On Thu, Aug 06, 2015 at 02:52:16PM +0200, Marc MarĂ wrote:
On Thu, 6 Aug 2015 13:38:33 +0100 Stefan Hajnoczi stefanha@gmail.com wrote:
On Thu, Aug 6, 2015 at 12:02 PM, Marc MarĂ markmb@redhat.com wrote:
case IPL_TYPE_BEV:
boot_rom(ie->vector);
if (qemu_cfg_dma_enabled()) {
boot_linux_cfg_dma();
} else {
boot_rom(ie->vector);
} break;
I thought the fw_cfg DMA interface is equivalent to the PIO interface?
Therefore, your Linux loading code completely replaces the linuxboot.rom. Why would you want to keep using linuxboot.rom in the PIO case if SeaBIOS now has to code to launch the kernel?
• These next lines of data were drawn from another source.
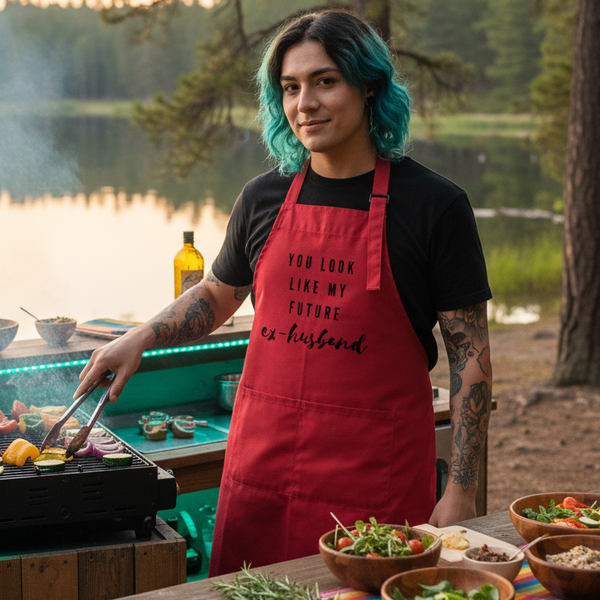 Person with teal hair and tattooed arms grilling vegetables in a red “You Look Like My Future Ex-Husband” apron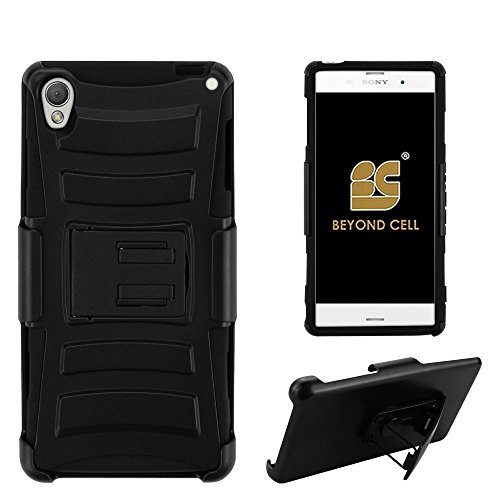 PimpCase Compatible with Xperia Z3, Durable Rugged Cover Hard Shell Silicone Interior Black Phone Cover with Kickstand and Belt Clip Holster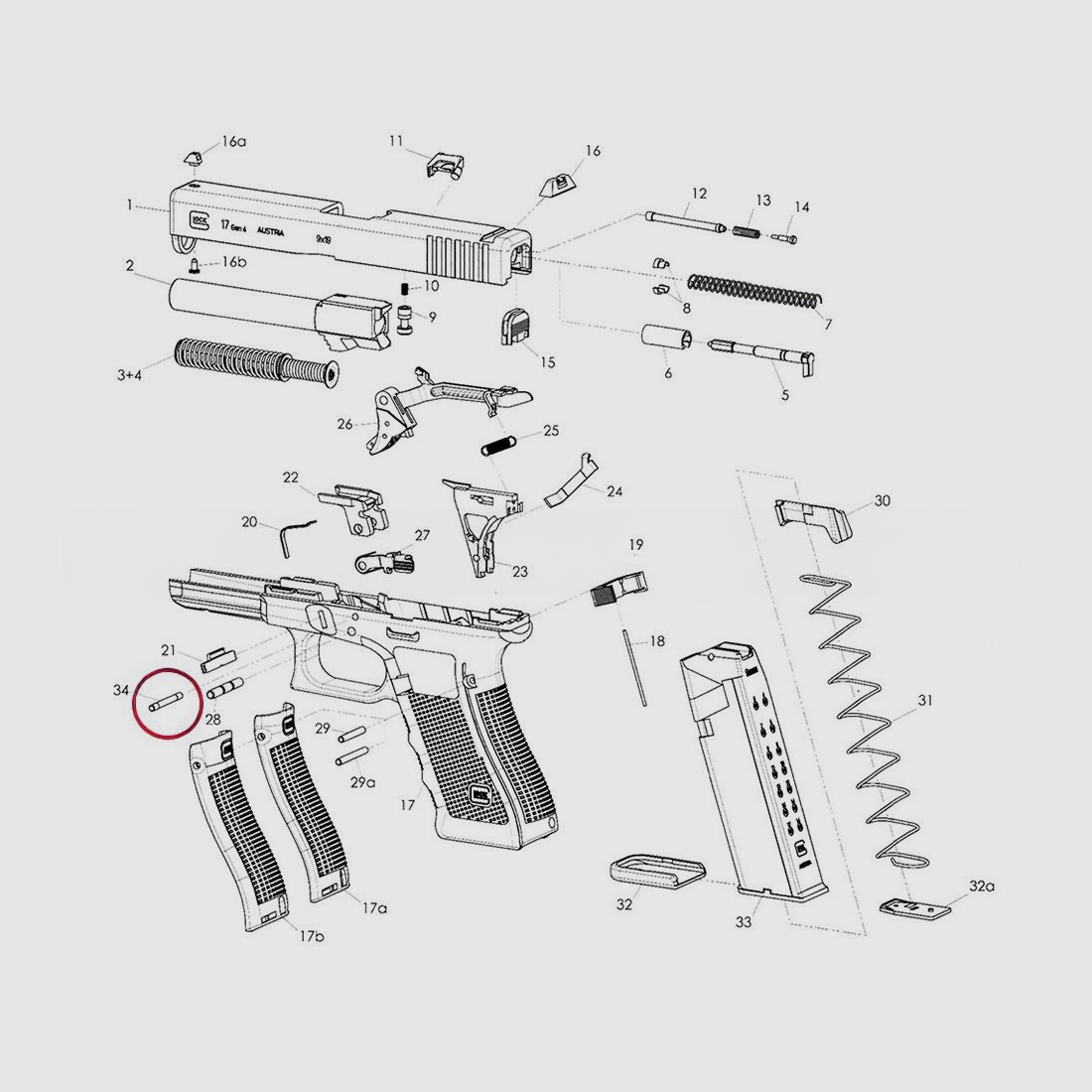 Perno di bloccaggio Eemann Tech per GLOCK, immagine 2 di 3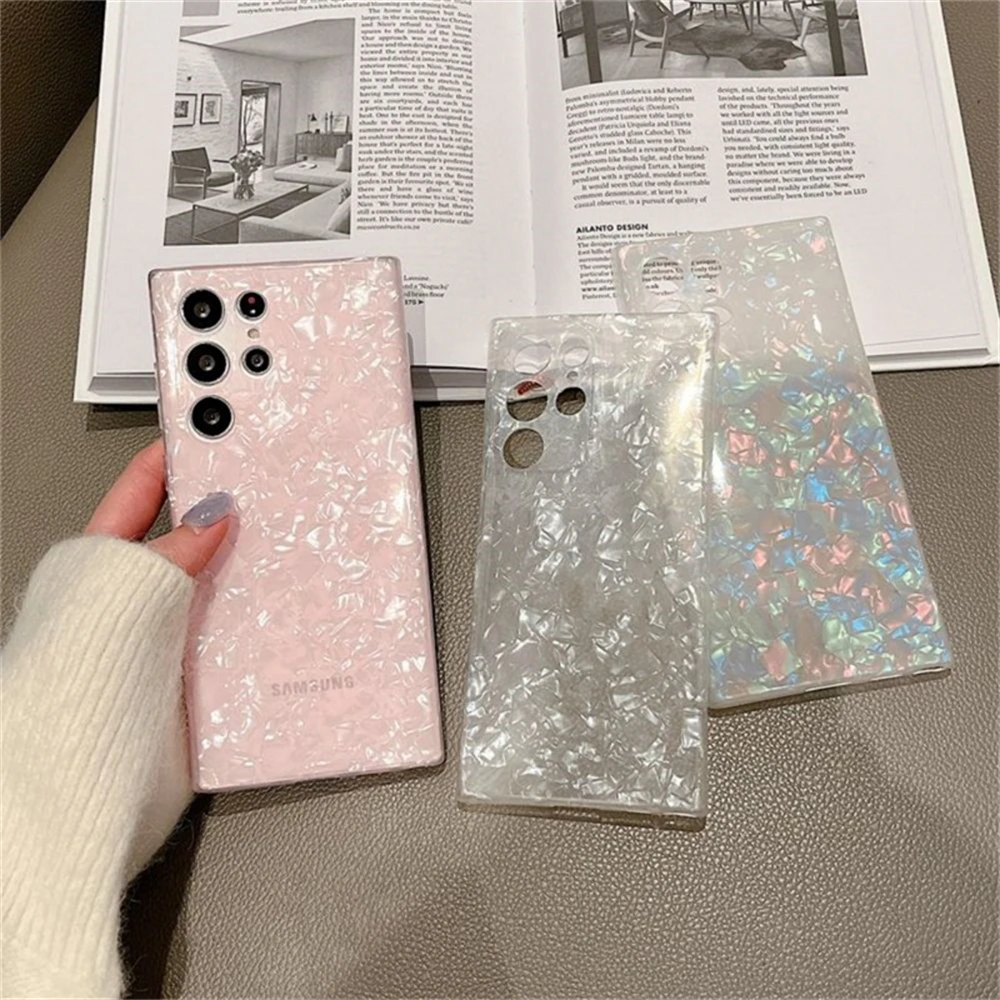 Coque transparente en marbre coloré, étui souple pour Samsung S22 Ultra S21 Plus S20 FE S10 Note 20 10 9 S9 S8 A52 A22 A12 A51 A71_voghion.com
By the way, I think this change is incorrect. We shouldn't hijack the BEV. Instead fw_cfg should simply add a higher priority IPL entry when the kernel file is present. That way we just don't execute the option ROM.
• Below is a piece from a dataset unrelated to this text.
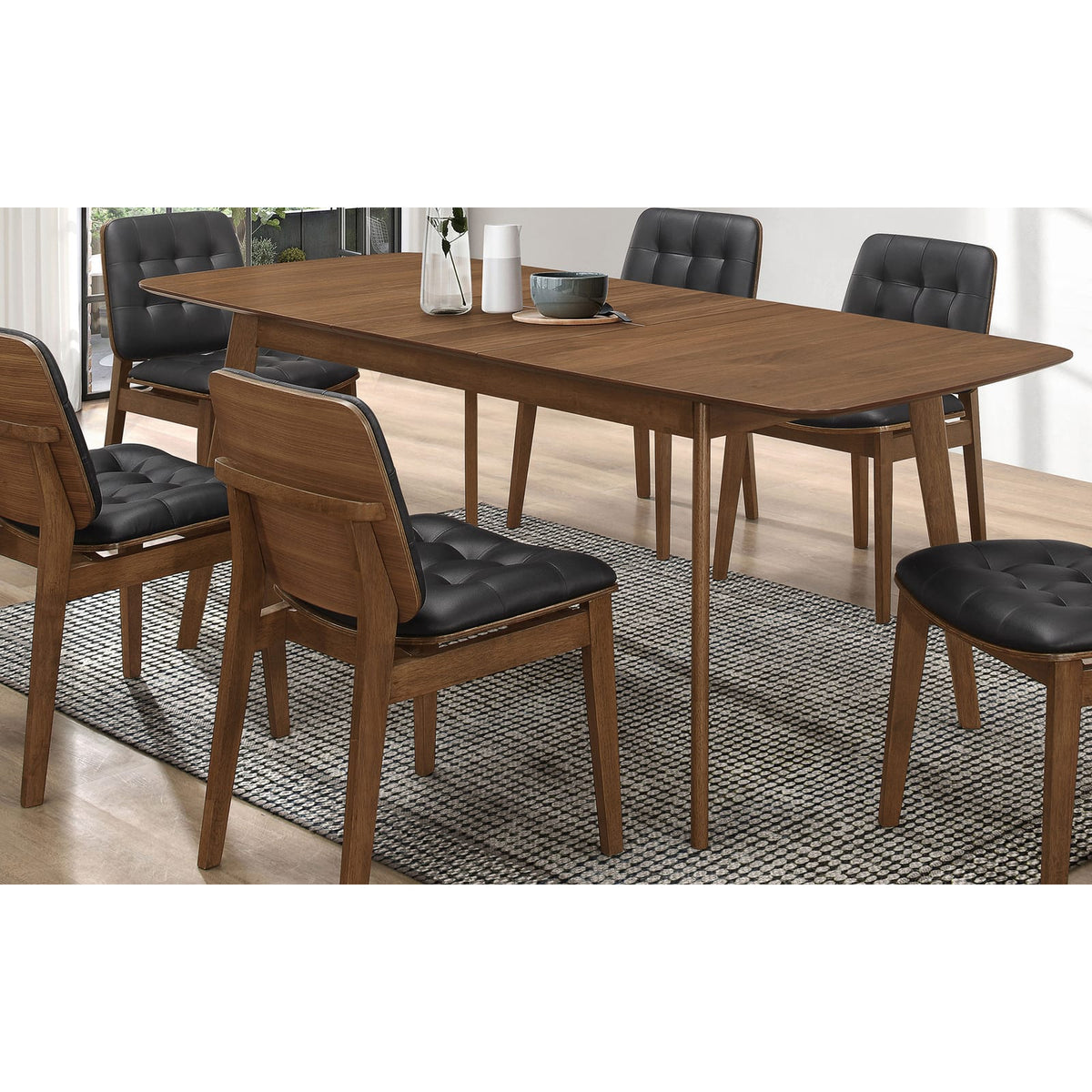 Walnut Mid-Century Dining Table with Leaf Extension for Dining Room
linuxboot.rom is doing all the work of reading and copying the kernel to the correct position through the PIO interface, in assembly. If we want to speed up the kernel copying with DMA, it is necessary to change it, and implementing fw_cfg DMA in C is a lot easier.
This new boot is independent of PIO or DMA, so now linuxboot.rom would not be necessary. I don't know if this is desirable.
In any case, I agree with adding a new IPL.
One can look at boot.c:boot_cbfs() (and its call chain) as an example of how to add a new IPL.
As an aside - if ultimately the goal is to change QEMU so that it no longer uses linuxboot, I wonder if it makes sense to clean up the QEMU<->firmware interface for it. It seems that linuxboot uses 12 old-style fw_cfg entries to pass the kernel. It seems that could be replaced with three new-style fw_cfg "file" entries - "/vmlinuz", "/initrd", and "/cmdline" - and QEMU could avoid having to parse and manipulate the vmlinuz contents. I'm guessing all the old-style fw_cfg entries were implemented to make the linuxboot assembler easier. That shouldn't be necessary with SeaBIOS though. Just something to think about - it shouldn't be a pre-requisite for the fw_cfg dma stuff.